I was an extremely late starter, not going to University until I was 52 and then only for a year to do a Creative Writing Master’s. On my first day, I took an overstuffed pencil case, two A4 writing pads, a laptop with charger, three random books off the reading list, an empty folder just in case, my driver’s licence for identification, (I mean, what if they asked me to prove who I was?), wine gums and Maltesers (obvs), phone and spare battery (again, obvs) and an umbrella to protect everything in case it rained. Oh yes, all carried in a brand new rucksack with reinforced straps.
On that first day, we introduced ourselves and then sat around all day drinking coffee and shuffling up staircases looking for the right room. I think we talked about books but maybe not. We eventually got around to writing after a few weeks by which time my back was bent out of shape and my rucksack had to be thinned out. All but the sweets. It was the best year of my life.

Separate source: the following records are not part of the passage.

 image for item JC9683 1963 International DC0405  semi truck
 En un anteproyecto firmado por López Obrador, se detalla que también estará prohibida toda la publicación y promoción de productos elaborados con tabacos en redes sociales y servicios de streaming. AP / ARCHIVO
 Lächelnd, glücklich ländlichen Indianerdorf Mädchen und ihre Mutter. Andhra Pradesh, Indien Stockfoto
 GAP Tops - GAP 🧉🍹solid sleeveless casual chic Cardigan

I left home at sixteen and never felt I missed out on University. I had some wild years and then just settled down to live my life doing what people do, going from job to job, making a home, having children. But when I eventually got the chance to spend a whole year doing something I knew I loved, with other people doing the same, being in a classroom again but this time out of choice, listening to experts and famous authors, trying to get my heart and hand and head to sync well enough and long enough to write something worth reading - when I had that chance, I grabbed it quick, put a lot in and got even more out.
Whether you’re 18 or 52 or 92 I hope your University days are everything you dreamed of. We are never too old to change our minds and never too young to ask – or tackle – the big questions.

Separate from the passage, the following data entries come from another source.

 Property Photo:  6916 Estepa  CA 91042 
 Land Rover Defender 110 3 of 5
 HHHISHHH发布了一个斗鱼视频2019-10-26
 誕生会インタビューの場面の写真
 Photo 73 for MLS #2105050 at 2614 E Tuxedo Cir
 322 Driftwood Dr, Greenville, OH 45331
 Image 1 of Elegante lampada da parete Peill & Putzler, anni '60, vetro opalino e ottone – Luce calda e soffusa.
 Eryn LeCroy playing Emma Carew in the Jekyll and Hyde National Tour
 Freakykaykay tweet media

Whatever subject you’re doing, I wish you wonder and investigation, brain ache and belly laughs, I wish you clear thinking and long deadlines. I wish you the certain knowledge that ‘I don’t know’ is a good thing, so is your opinion, so is your voice. I wish you new friendships that will last a lifetime and along with the many gigabytes of dazzling information, I wish you wisdom and kindness, given and received.

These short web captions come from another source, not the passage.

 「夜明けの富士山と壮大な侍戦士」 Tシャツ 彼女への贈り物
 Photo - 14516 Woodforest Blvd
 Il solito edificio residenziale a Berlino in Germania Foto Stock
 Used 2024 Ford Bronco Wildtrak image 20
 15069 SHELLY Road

I wrote My Name is Leon with the hope that people would simply read it and enjoy it, maybe pass it on to someone else and say ‘It’s good.’ I wrote it, I hope, with compassion for the many different people whose lives are affected by loss and injustice, loneliness and disadvantage. But I also hope you find humour and light in his story and that you’re left with a sense of optimism for Leon and for the future.
Enjoy the book and keep your bag light.